Given this PR is stale, I'll rebase this with master and raise the PR again. |
What changes were proposed in this pull request?
This patch is a follow-up of SPARK-26848 (#23747). In SPARK-26848, we decided to open possibility to let end users set individual timestamp per partition. But in many cases, specifying timestamp represents the intention that we would want to go back to specific timestamp and reprocess records, which should be applied to all topics and partitions.

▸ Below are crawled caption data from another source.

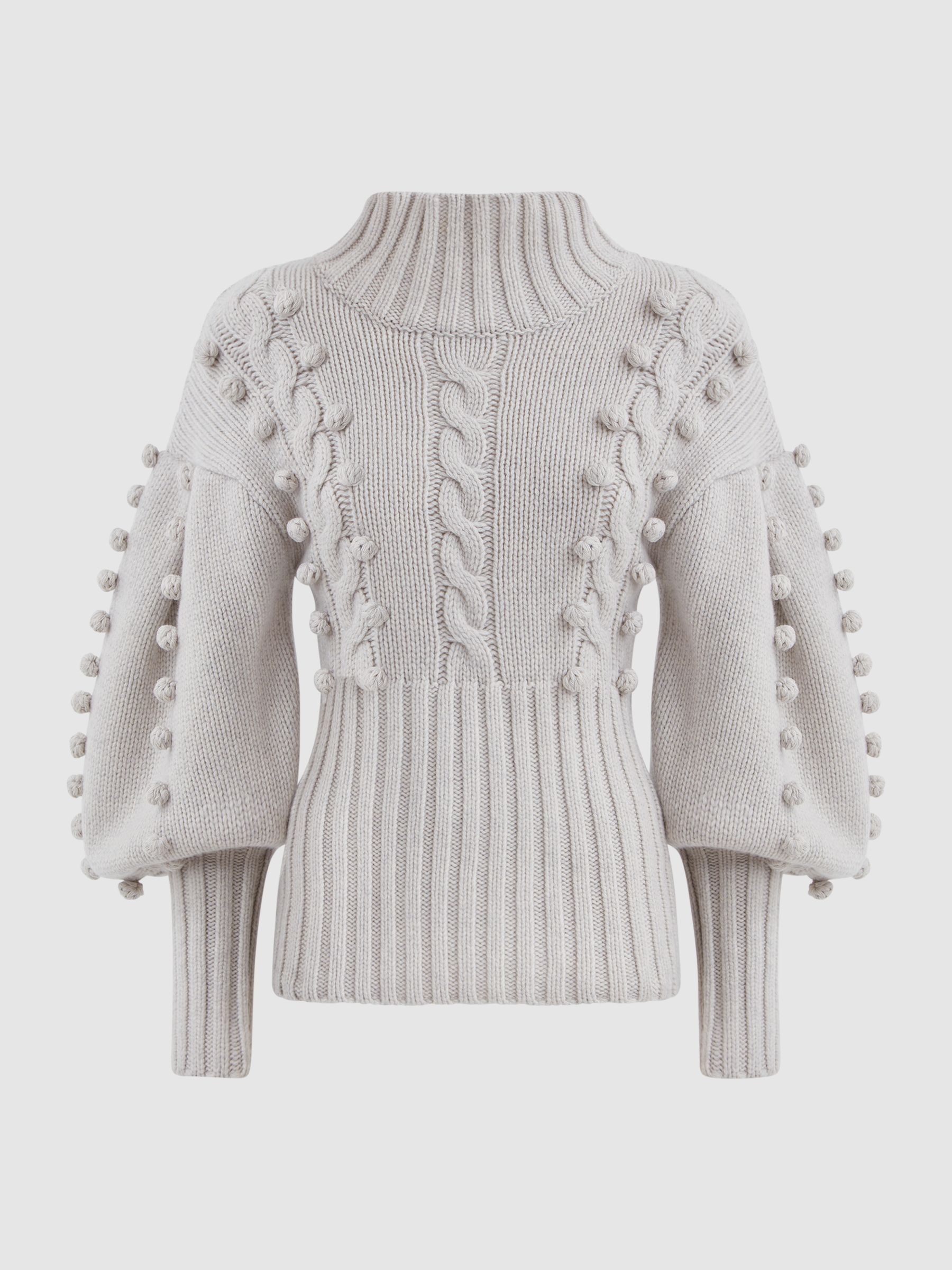 Joslin Wool Pom Pom Funnel Neck Jumper in Pearl Marle - Image 2 of 5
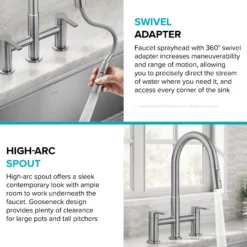 Bridge Kitchen Faucet with Pull-Down Sprayhead in Spot-Free Antique Champagne Bronze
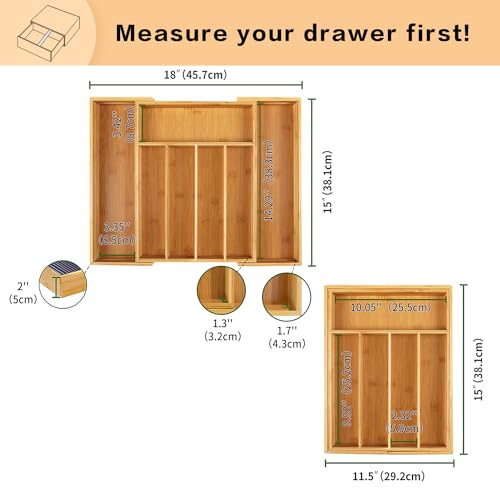 Bamboo Cutlery Silverware Tray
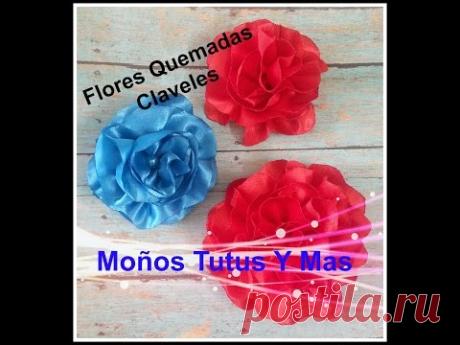 Como hacer FLORES QUEMADAS PAP Paso a Paso SATIN CARNATION FLOWERS Tutorial DIY How To
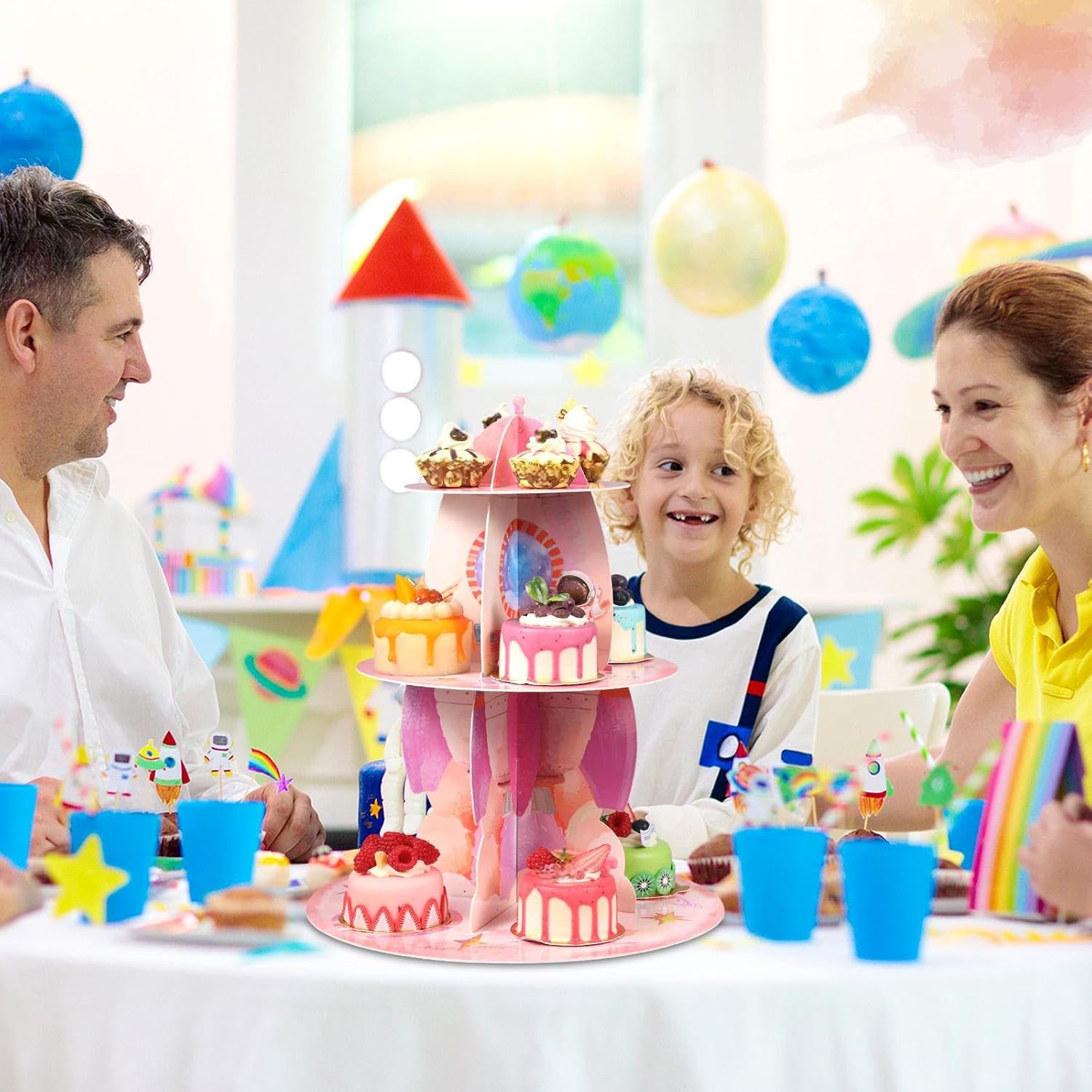 Zopeal Pink Outer Space Party Decoration 3 Tier Astronaut Cupcake Stand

This patch proposes to provide a way to set a global timestamp across partitions for a topic, so that end users can set all offsets by specific timestamp easily.
The patch doesn't provide a way to set global timestamp across topics, as it would require modification of format of
startingOffsetsByTimestamp
/endingOffsetsByTimestamp
, which may not be intuitive to understand.Why are the changes needed?
This would helps end users to set timestamp for reprocessing from specific point of time much easier. It also remedies the requirement of knowing number of partitions to set offsets.
Does this PR introduce any user-facing change?
No.
How was this patch tested?
Added UTs to verify the new feature.